(RECORDED DATA):
+-------+
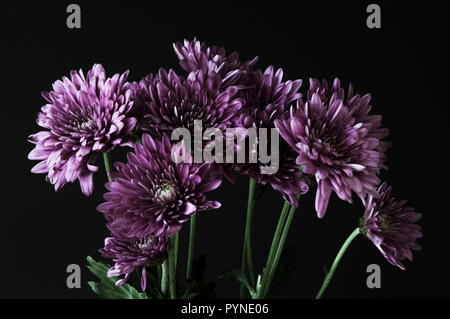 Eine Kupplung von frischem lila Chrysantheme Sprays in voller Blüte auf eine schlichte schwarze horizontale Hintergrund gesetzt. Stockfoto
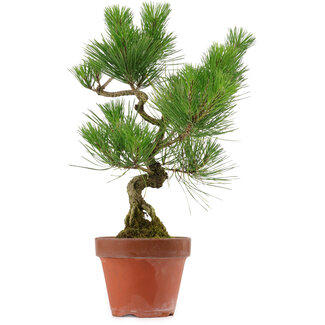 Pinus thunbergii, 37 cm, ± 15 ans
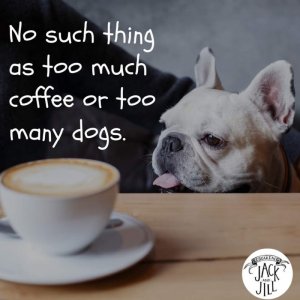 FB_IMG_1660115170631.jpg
+-------+
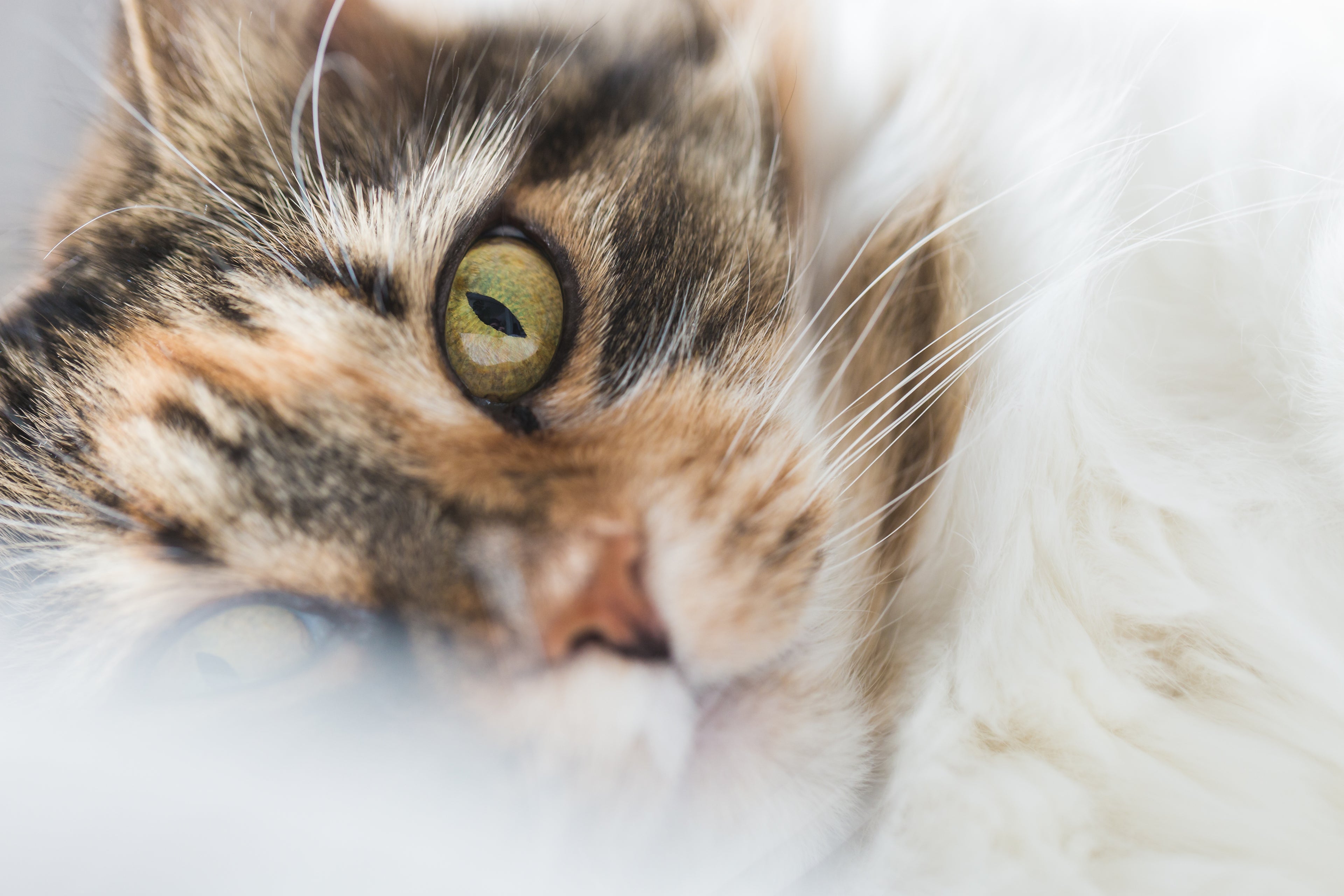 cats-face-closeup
+-------+
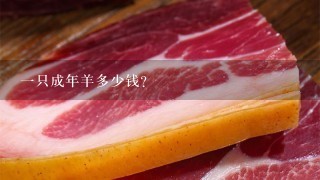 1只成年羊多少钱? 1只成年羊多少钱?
+-------+
(WORK REQUIRED): Only the lines starting at the one that includes "Eine Kupplung von" and ending at the one that includes "FB_IMG_1660115170631.jpg" should be retyped, exactly, from the records above; no pictures.

(WRITTEN RESPONSE):
 Eine Kupplung von frischem lila Chrysantheme Sprays in voller Blüte auf eine schlichte schwarze horizontale Hintergrund gesetzt. Stockfoto
 Pinus thunbergii, 37 cm, ± 15 ans
 FB_IMG_1660115170631.jpg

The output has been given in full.